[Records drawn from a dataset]
########
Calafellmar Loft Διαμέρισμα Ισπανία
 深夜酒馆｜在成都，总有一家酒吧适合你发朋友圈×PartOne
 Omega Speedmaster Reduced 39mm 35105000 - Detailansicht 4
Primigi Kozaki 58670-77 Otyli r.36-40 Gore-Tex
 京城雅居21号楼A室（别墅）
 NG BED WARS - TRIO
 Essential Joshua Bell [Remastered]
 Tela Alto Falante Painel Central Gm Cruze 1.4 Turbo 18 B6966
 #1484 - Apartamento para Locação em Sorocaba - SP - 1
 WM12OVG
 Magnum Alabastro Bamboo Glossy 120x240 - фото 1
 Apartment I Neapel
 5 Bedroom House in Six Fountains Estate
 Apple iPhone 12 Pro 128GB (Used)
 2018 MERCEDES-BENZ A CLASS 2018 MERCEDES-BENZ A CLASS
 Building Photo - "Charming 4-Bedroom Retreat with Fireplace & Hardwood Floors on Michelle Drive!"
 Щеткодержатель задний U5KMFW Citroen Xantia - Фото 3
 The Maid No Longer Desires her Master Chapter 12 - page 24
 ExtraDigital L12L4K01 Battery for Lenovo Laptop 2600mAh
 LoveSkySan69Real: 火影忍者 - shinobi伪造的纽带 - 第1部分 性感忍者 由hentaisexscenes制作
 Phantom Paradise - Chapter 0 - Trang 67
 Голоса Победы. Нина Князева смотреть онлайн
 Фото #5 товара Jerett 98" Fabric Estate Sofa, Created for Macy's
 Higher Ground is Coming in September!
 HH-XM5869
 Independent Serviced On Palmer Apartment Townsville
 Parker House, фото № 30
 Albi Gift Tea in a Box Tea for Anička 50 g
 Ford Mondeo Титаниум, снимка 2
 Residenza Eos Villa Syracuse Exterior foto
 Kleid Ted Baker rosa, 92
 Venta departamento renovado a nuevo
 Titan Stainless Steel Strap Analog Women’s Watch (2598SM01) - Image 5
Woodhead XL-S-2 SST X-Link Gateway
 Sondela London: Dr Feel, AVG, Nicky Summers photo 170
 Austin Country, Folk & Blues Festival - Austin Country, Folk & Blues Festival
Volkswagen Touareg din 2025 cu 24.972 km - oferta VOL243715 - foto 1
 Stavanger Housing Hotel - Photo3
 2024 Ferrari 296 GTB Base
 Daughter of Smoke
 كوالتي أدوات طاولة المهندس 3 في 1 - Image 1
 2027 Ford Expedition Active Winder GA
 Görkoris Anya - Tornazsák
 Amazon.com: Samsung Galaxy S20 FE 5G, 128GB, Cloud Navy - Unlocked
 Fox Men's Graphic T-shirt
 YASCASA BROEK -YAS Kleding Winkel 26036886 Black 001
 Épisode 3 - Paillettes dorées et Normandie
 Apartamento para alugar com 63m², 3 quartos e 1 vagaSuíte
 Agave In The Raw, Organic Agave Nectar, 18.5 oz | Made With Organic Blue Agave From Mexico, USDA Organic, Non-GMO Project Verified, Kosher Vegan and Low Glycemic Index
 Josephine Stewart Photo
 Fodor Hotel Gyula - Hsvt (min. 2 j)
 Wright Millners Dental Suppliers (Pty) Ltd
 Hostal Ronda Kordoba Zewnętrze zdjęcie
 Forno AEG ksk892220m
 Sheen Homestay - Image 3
########
Aim of the exercise —
The required output is the stretch of entries above from the line containing "Tela Alto Falante" through the line containing "Independent Serviced On", reproduced exactly.

Answer box —
 Tela Alto Falante Painel Central Gm Cruze 1.4 Turbo 18 B6966
 #1484 - Apartamento para Locação em Sorocaba - SP - 1
 WM12OVG
 Magnum Alabastro Bamboo Glossy 120x240 - фото 1
 Apartment I Neapel
 5 Bedroom House in Six Fountains Estate
 Apple iPhone 12 Pro 128GB (Used)
 2018 MERCEDES-BENZ A CLASS 2018 MERCEDES-BENZ A CLASS
 Building Photo - "Charming 4-Bedroom Retreat with Fireplace & Hardwood Floors on Michelle Drive!"
 Щеткодержатель задний U5KMFW Citroen Xantia - Фото 3
 The Maid No Longer Desires her Master Chapter 12 - page 24
 ExtraDigital L12L4K01 Battery for Lenovo Laptop 2600mAh
 LoveSkySan69Real: 火影忍者 - shinobi伪造的纽带 - 第1部分 性感忍者 由hentaisexscenes制作
 Phantom Paradise - Chapter 0 - Trang 67
 Голоса Победы. Нина Князева смотреть онлайн
 Фото #5 товара Jerett 98" Fabric Estate Sofa, Created for Macy's
 Higher Ground is Coming in September!
 HH-XM5869
 Independent Serviced On Palmer Apartment Townsville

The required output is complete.